Rentenpoltik der Koalition: Was im Rentenstreit auf dem Spiel steht – und für wen
Union und SPD versprachen im Koalitionsvertrag, das Rentensystem zu reformieren. Doch jetzt gibt es Streit. Worum geht es?
Woran krankt die gesetzliche Rente?
Vor allem an einer wachsenden Finanzierungslücke. Die gesetzliche Rente funktioniert nach dem Umlageverfahren: Wer einzahlt, finanziert die laufenden Renten. Doch diese Rechnung könnte perspektivisch immer schlechter aufgehen.

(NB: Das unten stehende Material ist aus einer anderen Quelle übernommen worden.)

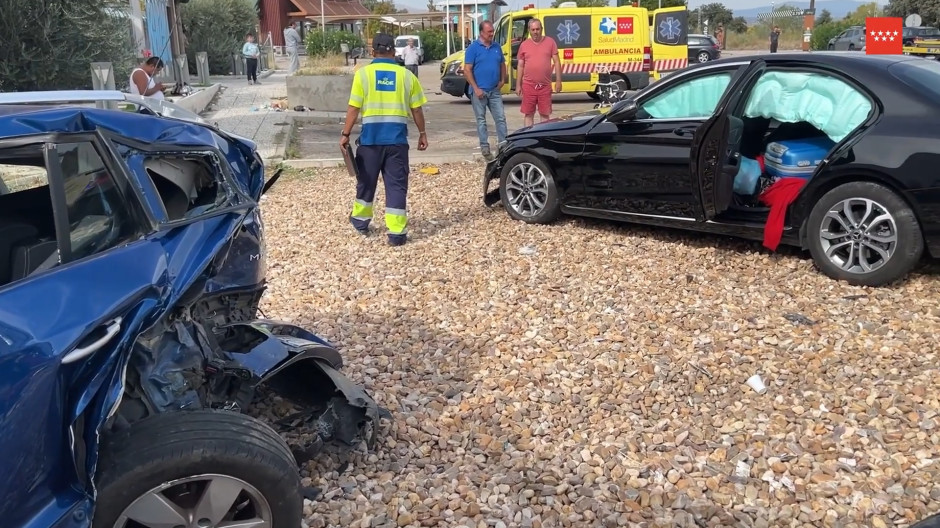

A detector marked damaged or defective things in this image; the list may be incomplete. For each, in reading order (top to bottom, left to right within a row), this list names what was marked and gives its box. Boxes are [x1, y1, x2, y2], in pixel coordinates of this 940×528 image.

damaged blue car [0, 91, 386, 528]
deployed airbag [740, 72, 872, 143]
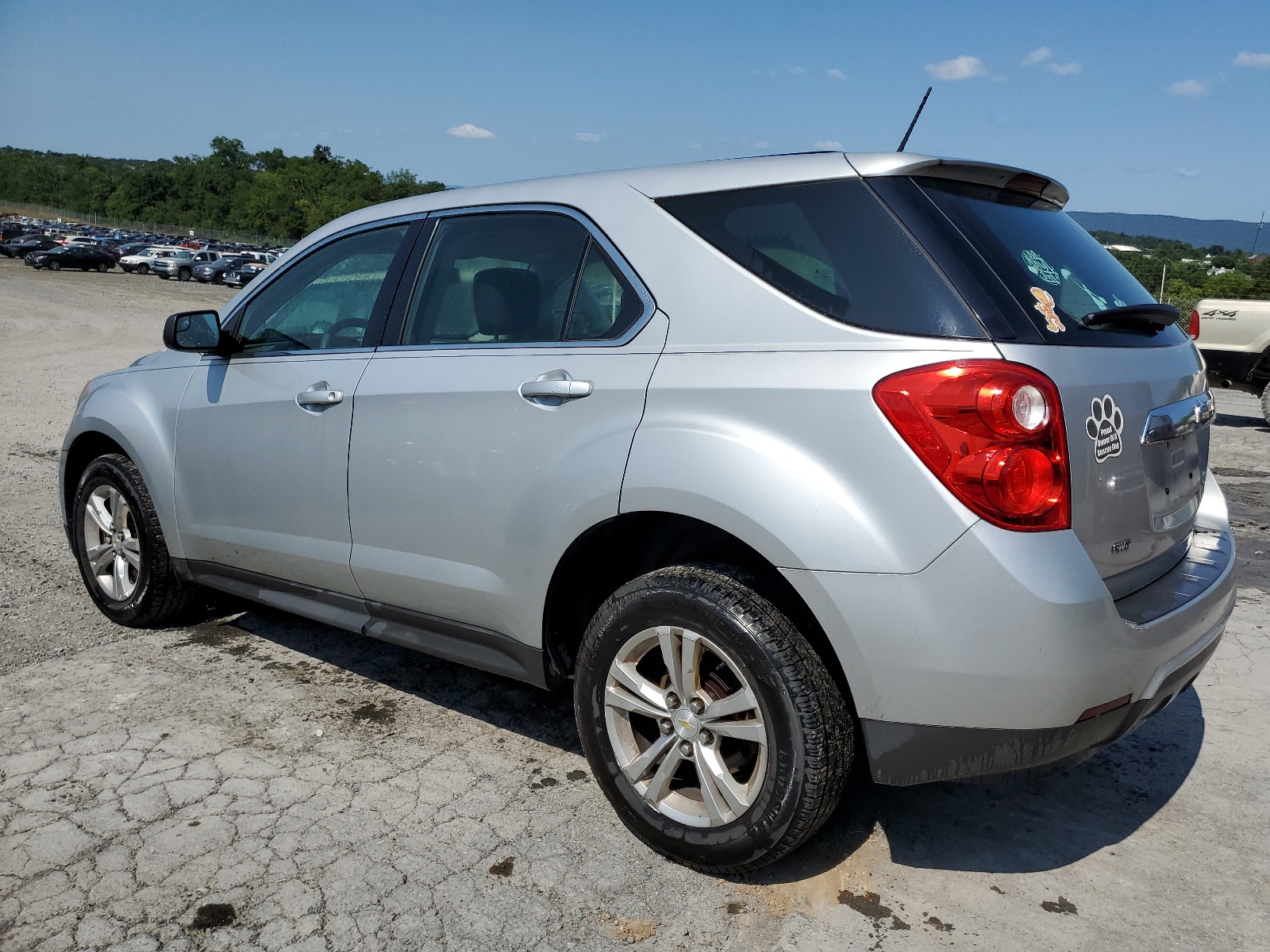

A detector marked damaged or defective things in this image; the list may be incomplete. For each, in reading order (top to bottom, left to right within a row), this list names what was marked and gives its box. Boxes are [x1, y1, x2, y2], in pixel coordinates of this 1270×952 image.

cracked concrete pavement [0, 257, 1264, 949]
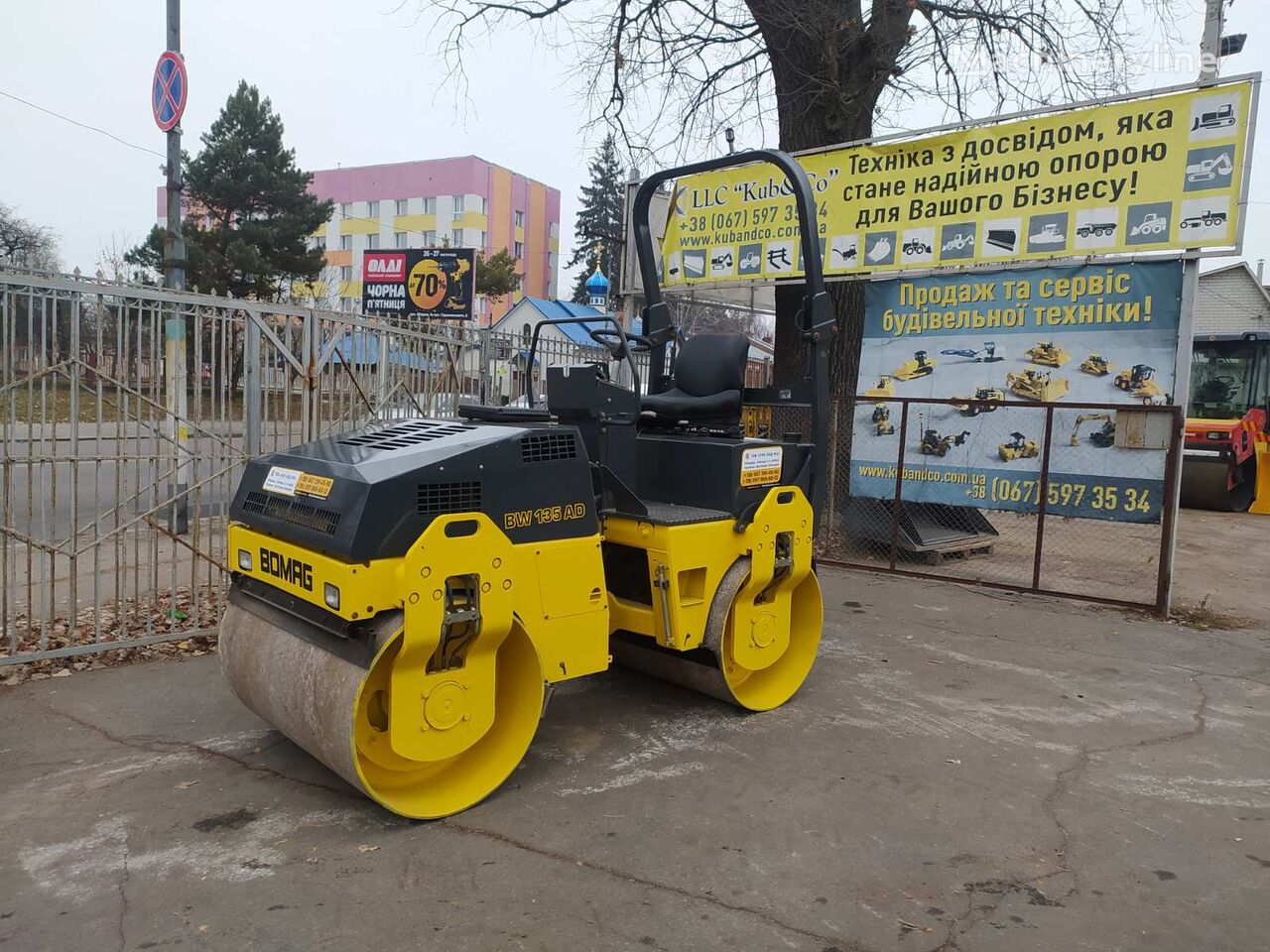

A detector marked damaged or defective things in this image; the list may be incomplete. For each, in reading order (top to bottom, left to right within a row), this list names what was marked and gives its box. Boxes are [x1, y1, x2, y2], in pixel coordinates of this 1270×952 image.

cracked pavement [2, 565, 1270, 952]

Der demografische Wandel sorgt dafür, dass die geburtenstarken Babyboomer in Rente gehen, während immer weniger Beitragszahler*innen nachkommen.
Welche Anpassungen des Rentensystems planen Union und SPD?
Die Bundesregierung will das Rentenniveau von 48 Prozent bis 2031 stabil halten und ab 2032 langsamer senken, als es das bisherige Gesetz vorsieht. Außerdem soll die Mütterrente ausgeweitet werden – ein Zuschuss für Menschen, deren Arbeit vor allem darin bestand, Kinder im häuslichen Umfeld zu erziehen. Nicht-selbstständig arbeitende Rentner*innen sollen zudem bis zu 2.000 Euro monatlich steuerfrei hinzuverdienen dürfen (Aktivrente).
Was bedeutet Rentenniveau?
Das Rentenniveau zeigt, wie hoch eine Rente nach 45 Beitragsjahren mit Durchschnittsverdienst im Vergleich zum aktuellen Durchschnittseinkommen liegt. Am Rentenniveau bemisst sich also, wie stark die Renten im Zeitverlauf erhöht werden, wenn die Löhne steigen.
Nach geltendem Recht sinkt das Rentenniveau bis 2029 auf 47,3 Prozent und bis 2040 auf 45 Prozent. Rentner*innen müssen keine Kürzungen fürchten, aber ihre Renten werden weniger stark an die Lohnentwicklung angepasst. Ihre Kaufkraft würde sinken. Der neue Gesetzesentwurf will das bis 2031 verhindern. Ab 2032 soll das Rentenniveau um einen Prozentpunkt höher liegen als bisher vorgesehen – im Jahr 2040 also beispielsweise bei 46 Prozent.
Wie sollen die Reformen finanziert werden?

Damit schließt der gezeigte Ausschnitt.